KAUST Research Workshop on Innovative Technologies to Study Brain Energy Metabolism
King Abdullah University of Science & Technology, Saudi Arabia
Markus Hadwiger is an Associate Professor in Computer Science and the Visual Computing Center (VCC) at KAUST, which he joined in October 2009. He leads the High-Performance Visualization research group at VCC, where his research interests in the area of scientific visualization include extreme-scale visual computing and visualization, volume visualization, medical visualization, large-scale image and volume processing, multi-resolution techniques, data streaming and out-of-core processing, interactive segmentation, and GPU algorithms and architecture. He is a co-author of the book Real-Time Volume Graphics published in 2006 and has been involved in many courses and tutorials about volume rendering and visualization at ACM SIGGRAPH, ACM SIGGRAPH Asia, IEEE Visualization, and Eurographics. Prof. Hadwiger has co-authored more than 60 refereed articles.

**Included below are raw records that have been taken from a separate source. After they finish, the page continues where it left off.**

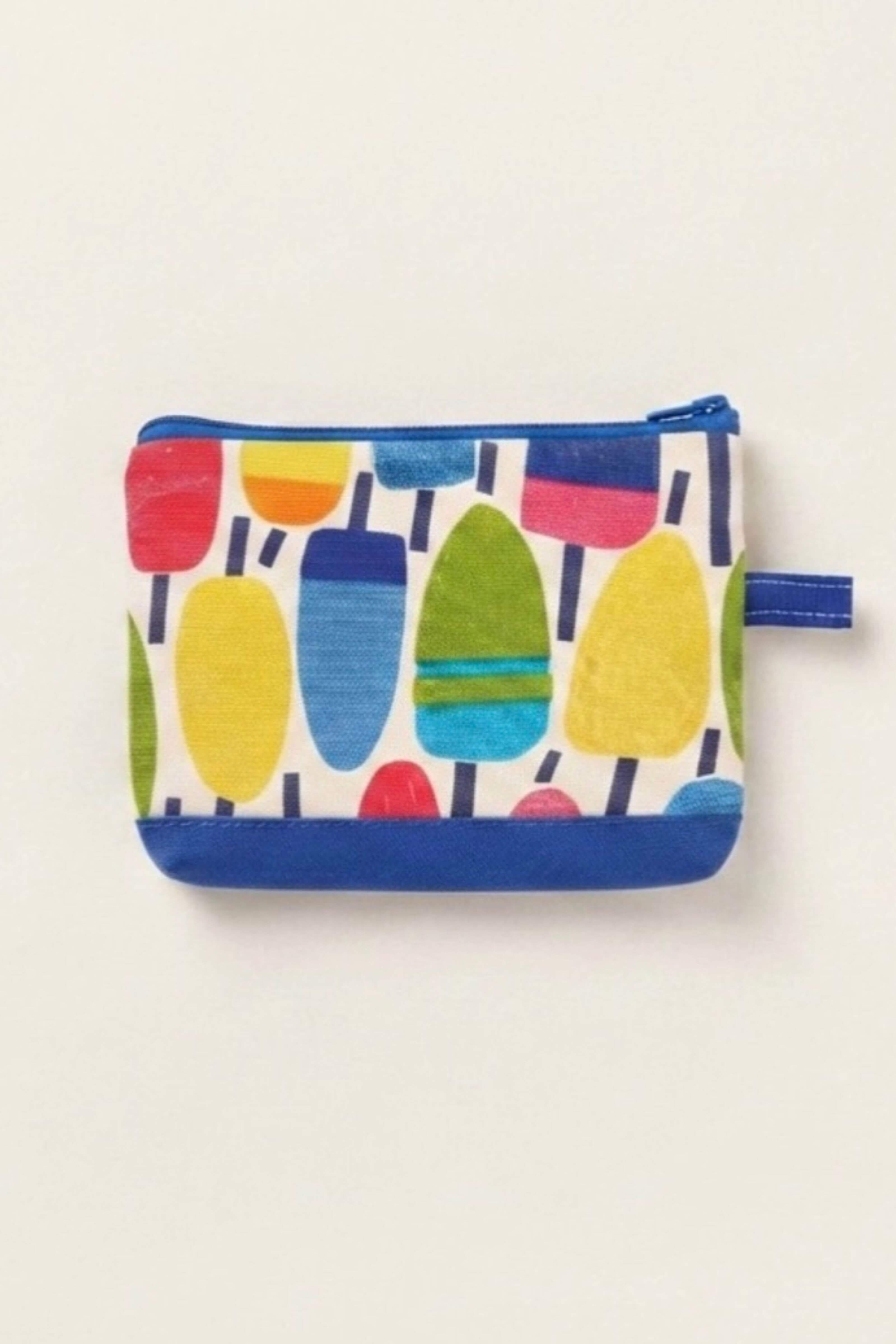 A small zippered pouch with a colorful popsicle print on a white background, featuring blue trim and a blue zipper pull, shown against a plain off-white background.
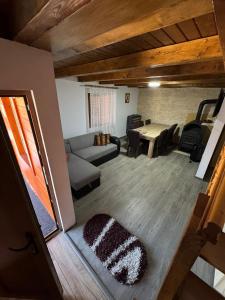 a living room with a couch and a table at Cabana LUCI - FIGA in Beclean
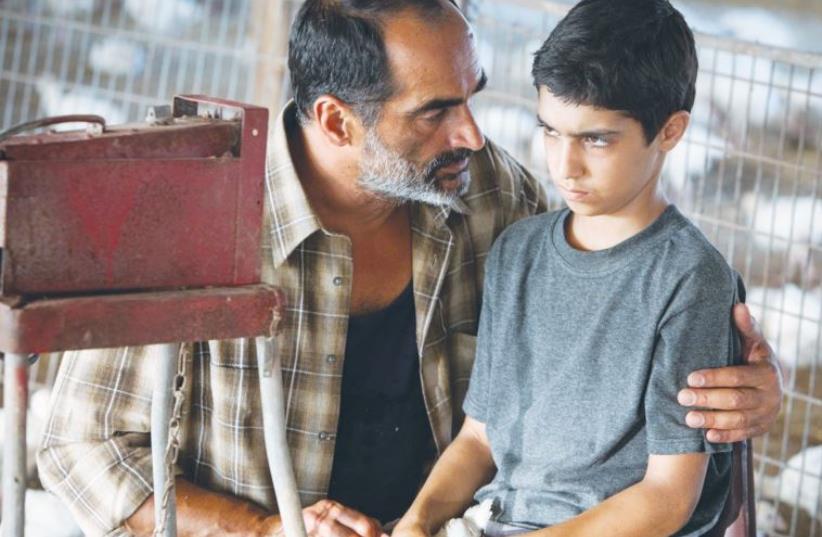 ACTOR NAVID NEGAHBAN puts his arm around Asher Avrahami in a scene from ‘Baba Joon,’ the Ophir Awards Best Picture winner (photo credit: Courtesy)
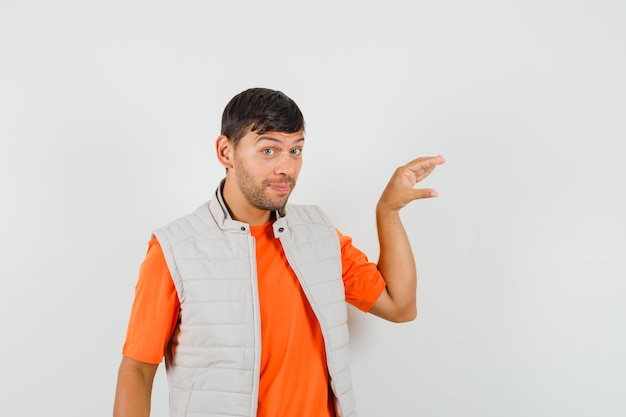 Young man showing small size sign in t-shirt, jacket and looking cheery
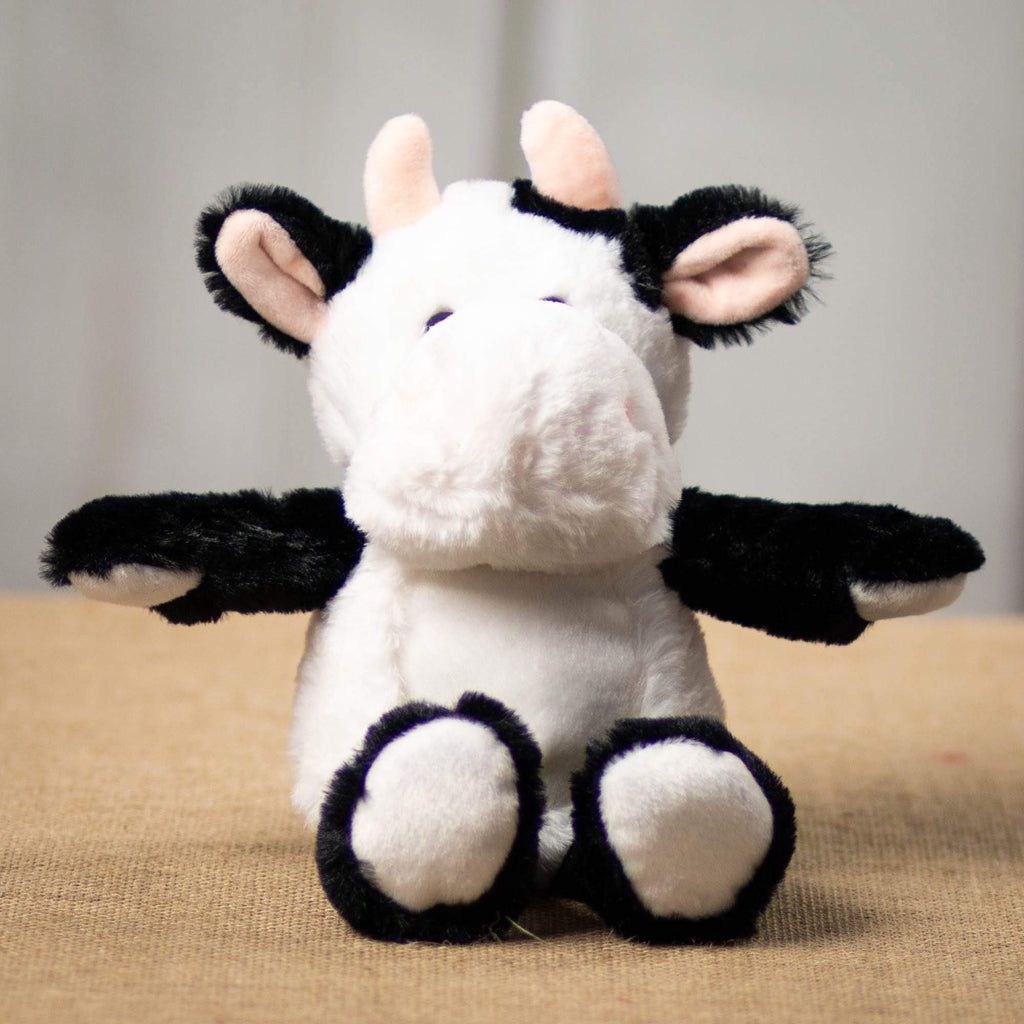 A black and white cow that is 11 inches tall while standing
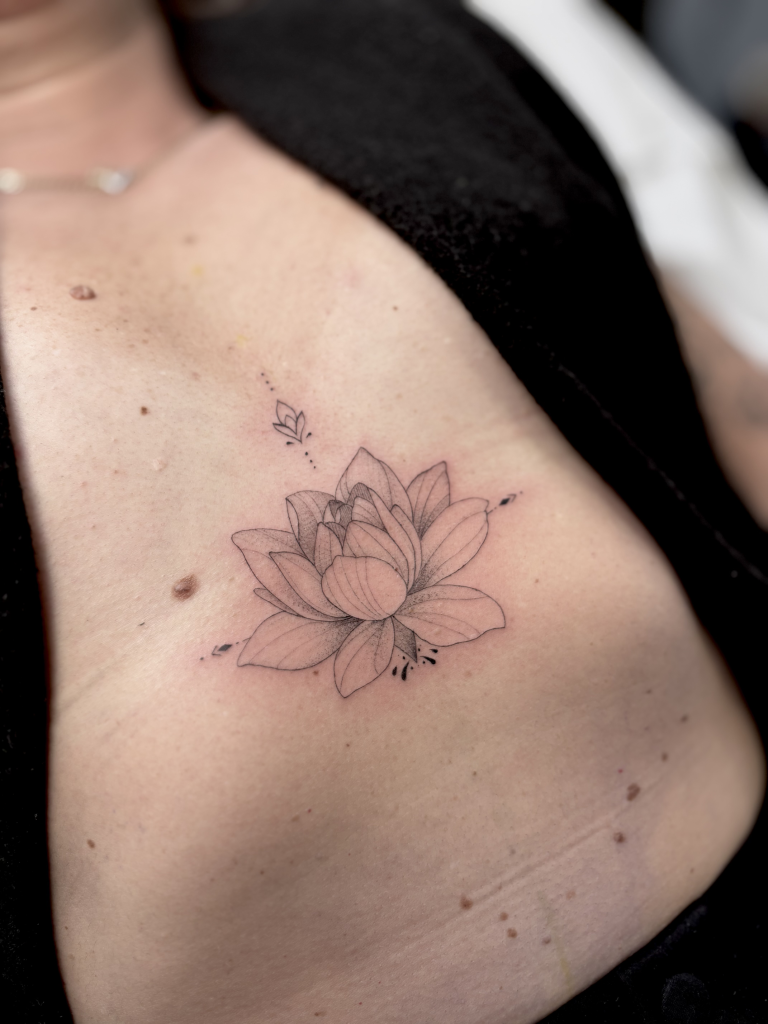 Flor de loto de línea fina tatuada en el costado, bajo el pecho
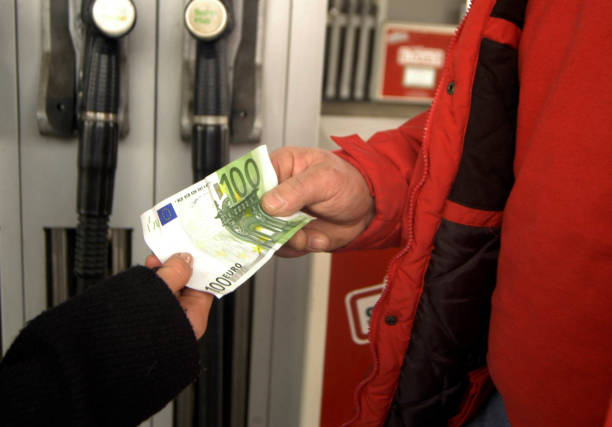 fuel costs at the gas station money exchange at the petrol station, hundred euro banknote, fuel costs cash in transit vehicle stock pictures, royalty-free photos & images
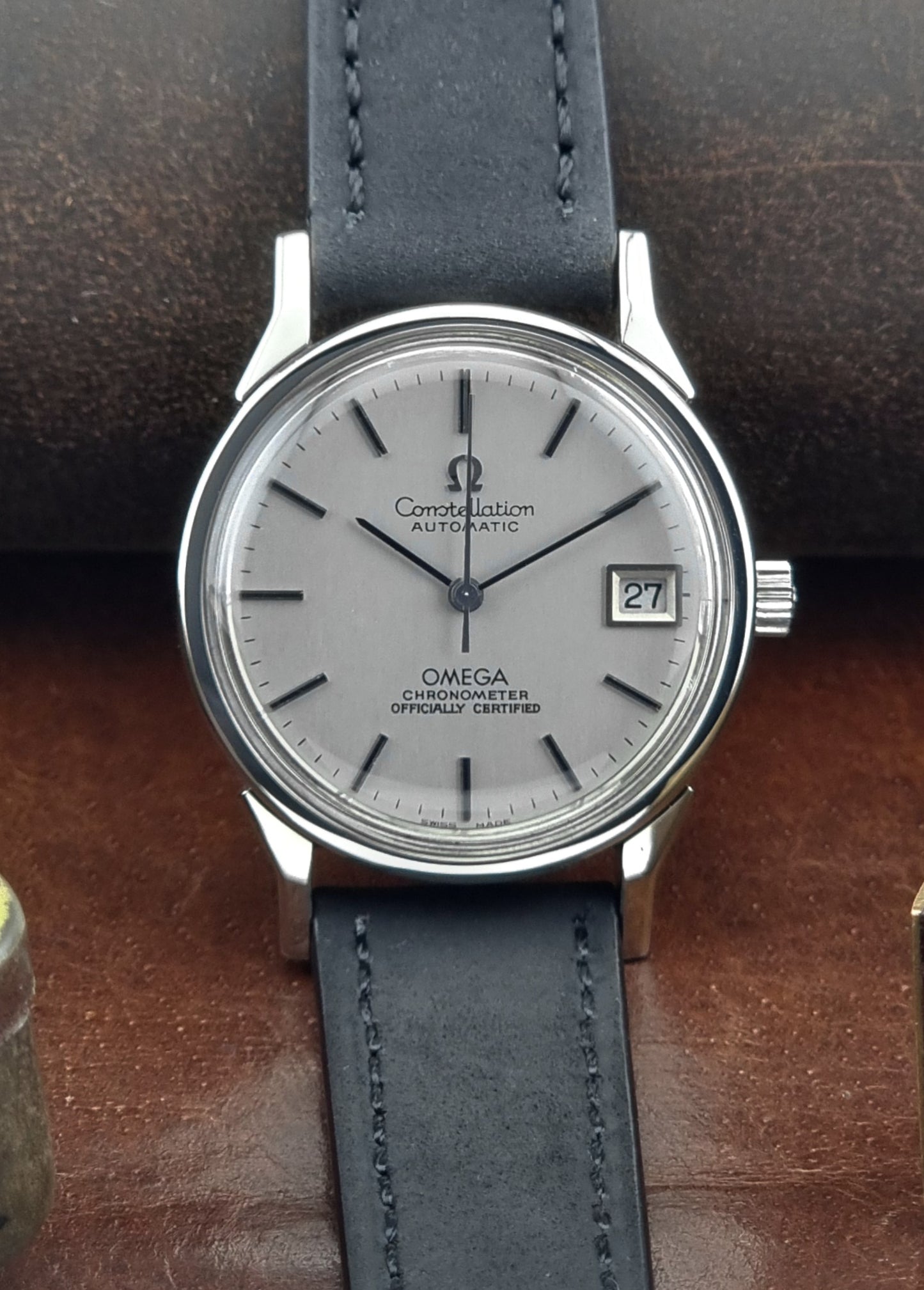 Omega watch with a silver case and black leather strap on a brown surface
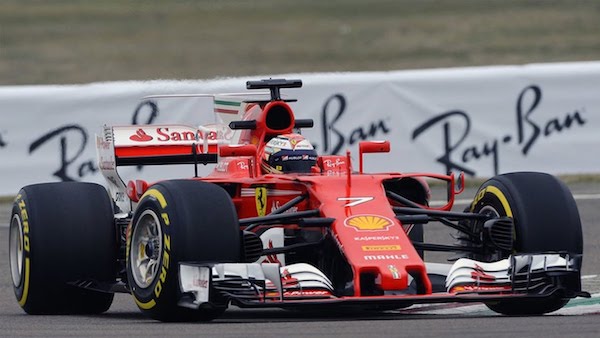 A Formula 1 Ferrari showing the front wing, rear wing, and exposed tires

This talk will give an overview of how interactive visualization can help with exploring, analyzing, and understanding high-resolution neuroscience data. We will first describe the design of ConnectomeExplorer, which is an application for the interactive exploration and query-guided visual analysis of large volumetric electron microscopy data. We have developed an interactive query system that supports the specification of dynamically evaluated queries, which allows posing and answering domain-specific questions in an intuitive manner. We will further describe the design of Abstractocyte, which is a system for the visual analysis of astrocytes and their relation to neurons. The morphology of astrocytes can be explored using various visual abstraction levels, while simultaneously analyzing neighboring neurons and their connectivity. This is enabled by a conceptual abstraction space for jointly visualizing astrocytes and neurons at different abstraction levels, with smooth transitions between different abstractions. In contrast to simply switching between different visualizations, this preserves the visual context and correlations throughout the transition. In addition to investigating astrocytes, neurons, and their relationships, we enable the interactive analysis of the distribution of glycogen.